In Grecia intorno al VII secolo a.C. la trazione con “pettorale” verrà utilizzata su attacchi leggeri, prevalentemente atti al trasporto.
A questo punto, non si renderà più necessario sbilanciare il pianale dell’asse, risolvendo la questione con un fascione morbido intrecciato, atto a captare la potenza dell’animale collegandolo ad un giogo dorsale.
SISAL ante litteram…
Un’interessante curiosità riguarda l’importante “” che imperversava intorno alle Olimpiadi già dal I secolo avanti Cristo.
Considerandolo un vero e proprio business, gli aurighi si cimentavano nei modi più bizzarri per “aggiustare” l’evento sportivo nel modo più remunerativo possibile per i propri interessi.

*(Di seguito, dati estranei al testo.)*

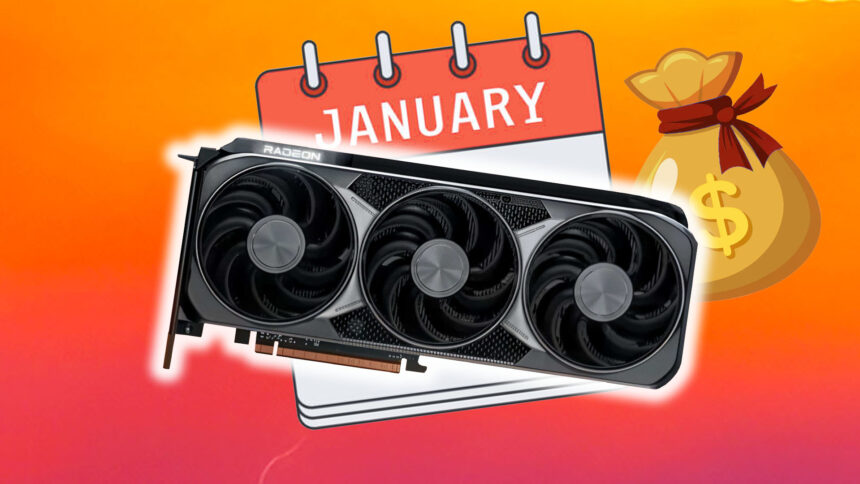 AMD Radeon RX 9070 XT pre-orders could start this month, suggests one retailer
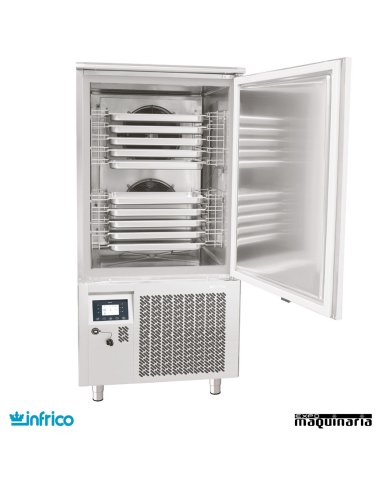 Abatidor de temperatura INABT101L 10 GN 1/1 interior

Un folto giro di allibratori e scommesse testimoniato anche da alcuni versi di Filostrato nella sua esortazione ufficiale ai giudici dell’Olimpiade “abbandonare volontariamente l’ippodromo qualora si fossero macchiati di turpitudini legate alla corruzione, invece di onorare e magnificare la festa olimpica come avrebbero dovuto“.
Ovviamente partecipare ai Giochi Olimpici, nonostante gli “intrallazzi”, risultava motivo di vanto e di grande prestigio, anche per i potenti del tempo.
Un esempio tra tutti Alcibiade, stratega ateniese, riconvertito a “Sparta” qualche anno più tardi, allevatore ed eccellente addestratore di cavalli, annovera nel proprio curriculum innumerevoli partecipazioni alle corse di Delfi, Olimpia e Corinto, non senza suscitare polemiche.
Infatti, generalmente vantava la proprietà di ben quattro delle sette quadrighe schierate alla partenza, ovviamente condotte da uomini di propria fiducia che non esitavano puntualmente, e non senza gesta spettacolari, ad avvalorare la sua superiorità “e pecunie”… per una tradizione olimpica che cavalcò attraverso i tempi per oltre settecento anni, accompagnandosi in senso storico alla decadenza dell’Impero Romano fino al 394, anno in cui Teodosio cedette alle pressioni del Vescovo Ambrogio, indignato per la paganizzazione di taluni eventi, e soppresse definitivamente i Giochi Olimpici.